On returning to Frattenbury, Canon Smith champions the cause of reform, in particular improvements to slum housing to the anger of his church colleagues and the city magnates, who spread rumours of his supposed time in Monte Carlo.

He sends a £20 note he found in the stranger's jacket to someone threatened with bankruptcy. Unfortunately this turned out to be stolen in a bank robbery, and Canon Smith is embarrassed by having to admit in court how he came by the note to clear the accused.

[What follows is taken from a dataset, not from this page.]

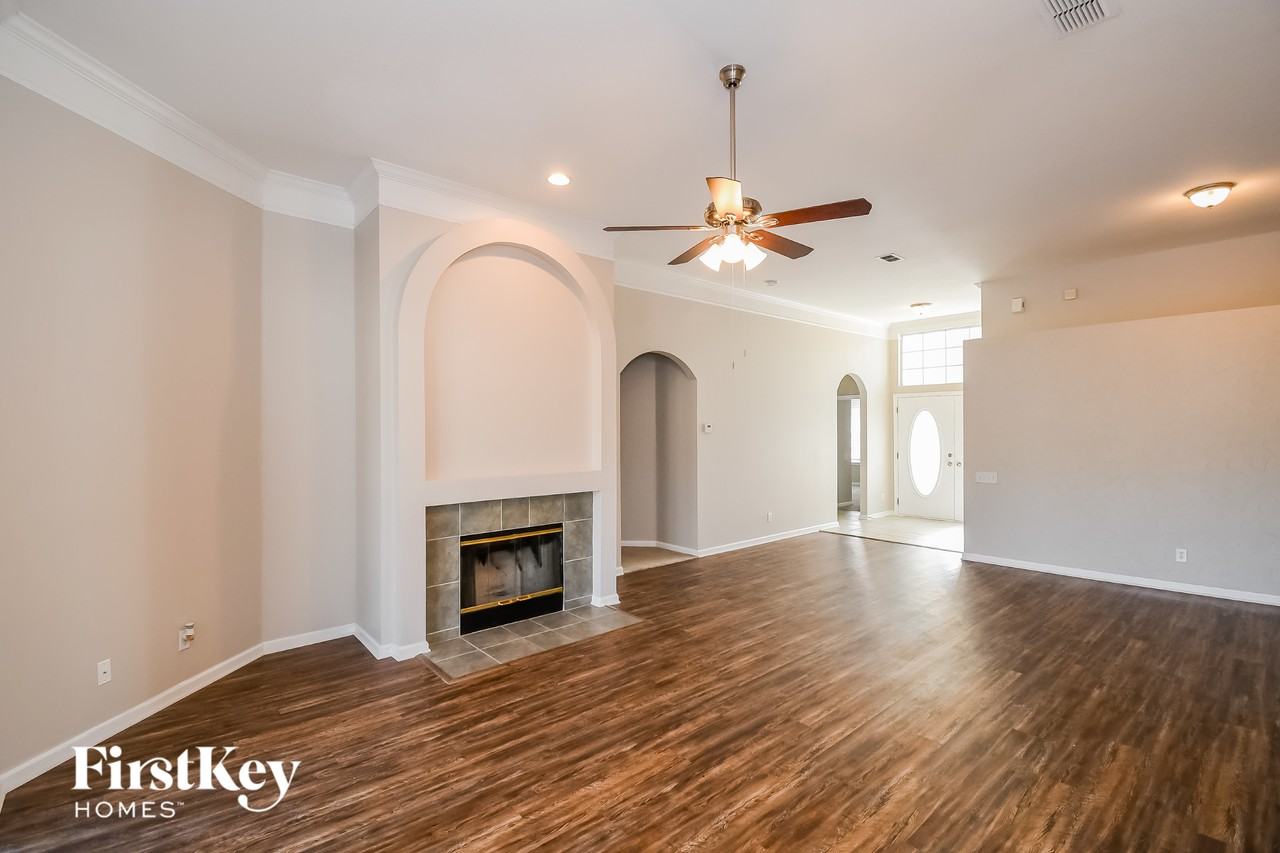 10537 Castlebar Glen Dr S - Photo 3 of 15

All comes right when his friend Jane Rutland receives another letter about the "clergyman" and she is able to tip off the police to get him arrested. Canon Smith goes to the bank robber in the cells to thank him for opening his eyes to others' points of view, and shows his forgiveness. The novel ends with his engagement to Jane Rutland.

The book has been adapted for both the stage and radio.